For paired data, we use the mean of the differences as our test statistic. Since we have only one population (same individuals measured twice), we cannot use difference of means. Instead, we compute the mean of (after - before) values. Under H₀, this should be close to zero.
# Observed test statistic: mean of differences
observed_mean <- mean(aspirin_data$difference)
cat("Observed mean difference:", observed_mean, "\n")
## Observed mean difference: 1.05
# Positive value suggests aspirin increases bleeding time
For each permutation, we randomly flip the sign of each difference (+ becomes -, or stays +). This simulates the null hypothesis where the order (before/after) is arbitrary.
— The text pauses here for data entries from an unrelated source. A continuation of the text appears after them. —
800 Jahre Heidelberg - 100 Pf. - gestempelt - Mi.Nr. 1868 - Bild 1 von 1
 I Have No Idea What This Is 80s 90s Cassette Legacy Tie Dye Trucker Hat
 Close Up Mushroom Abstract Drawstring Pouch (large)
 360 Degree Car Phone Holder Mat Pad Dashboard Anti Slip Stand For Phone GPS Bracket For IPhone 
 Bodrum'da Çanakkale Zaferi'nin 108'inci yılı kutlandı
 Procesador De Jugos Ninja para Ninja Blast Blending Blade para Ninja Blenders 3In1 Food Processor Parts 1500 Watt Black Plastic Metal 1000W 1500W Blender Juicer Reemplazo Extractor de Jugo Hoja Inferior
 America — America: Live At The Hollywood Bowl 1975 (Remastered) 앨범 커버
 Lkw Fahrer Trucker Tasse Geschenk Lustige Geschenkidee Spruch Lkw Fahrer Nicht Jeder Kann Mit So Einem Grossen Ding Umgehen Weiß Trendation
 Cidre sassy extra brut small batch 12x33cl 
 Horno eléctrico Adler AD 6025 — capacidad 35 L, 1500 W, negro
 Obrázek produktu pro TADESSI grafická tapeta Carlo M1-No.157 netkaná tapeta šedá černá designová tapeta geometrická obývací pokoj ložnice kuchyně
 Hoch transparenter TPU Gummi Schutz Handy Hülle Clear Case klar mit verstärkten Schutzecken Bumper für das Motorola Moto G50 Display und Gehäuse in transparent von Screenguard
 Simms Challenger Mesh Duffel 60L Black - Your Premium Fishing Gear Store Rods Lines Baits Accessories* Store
set.seed(123) # for reproducibility
# Total number of permutations
n_perms <- 2^n_individuals
# We'll use a different approach: generate all possible sign combinations
# Initialize vector for permuted means
means_perms <- numeric(n_perms)
# Generate all possible sign flips
for (i in 1:n_perms) {
# Create random signs: +1 or -1 for each individual
signs <- sample(c(-1, 1), n_individuals, replace = TRUE)
# Apply signs to differences
permuted_diff <- aspirin_data$difference * signs
# Calculate mean of permuted differences
means_perms[i] <- mean(permuted_diff)
}
# Calculate empirical p-value
# Count how many permuted means are >= observed mean
p_value <- (sum(means_perms >= observed_mean) + 1) / (n_perms + 1)
cat("P-value:", p_value, "\n")
## P-value: 0.0001220629
cat("Number of permutations with mean >=", observed_mean, ":", sum(means_perms >= observed_mean), "\n")
## Number of permutations with mean >= 1.05 : 1
# Histogram of permuted mean differences
hist(means_perms, breaks = 50, col = "lightblue",
main = "Permutation Distribution of Mean Differences",
xlab = "Mean Difference (after - before)",
las = 1)
# Add vertical line for observed mean
abline(v = observed_mean, col = "red", lwd = 2, lty = 2)
# Add vertical line at zero (H₀)
abline(v = 0, col = "black", lwd = 3, lty = 1)
# Add legend
legend("topright",
legend = c("Observed Mean"),
col = c("red"),
lty = c(2, 3),
lwd = c(2, 1))
Based on the permutation test results, we can draw the following conclusions:
Statistical Decision:
The p-value obtained from the exact permutation test is compared with the significance level α = 0.05. If p-value ≤ 0.05, we reject H₀.
Interpretation:
Since this is a one-sided test, we are specifically testing whether aspirin increases bleeding time. The permutation distribution shows us how likely it would be to observe our mean difference (or larger) if aspirin had no effect.
If the observed mean difference is significantly larger than what we would expect under random sign flips, this provides evidence that aspirin genuinely increases bleeding time rather than the differences being due to chance.
alpha <- 0.05
cat("P-value:", p_value, "\n")
## P-value: 0.0001220629
cat("Observed mean difference:", round(observed_mean, 3), "\n")
## Observed mean difference: 1.05
if (p_value <= alpha) {
cat("\nDecision: Reject H₀\n")
cat("Conclusion: Aspirin increases bleeding time.\n")
} else {
cat("\nDecision: Do not reject H₀\n")
cat("Conclusion: No evidence that aspirin increases bleeding time.\n")
}
##
## Decision: Reject H₀
## Conclusion: Aspirin increases bleeding time.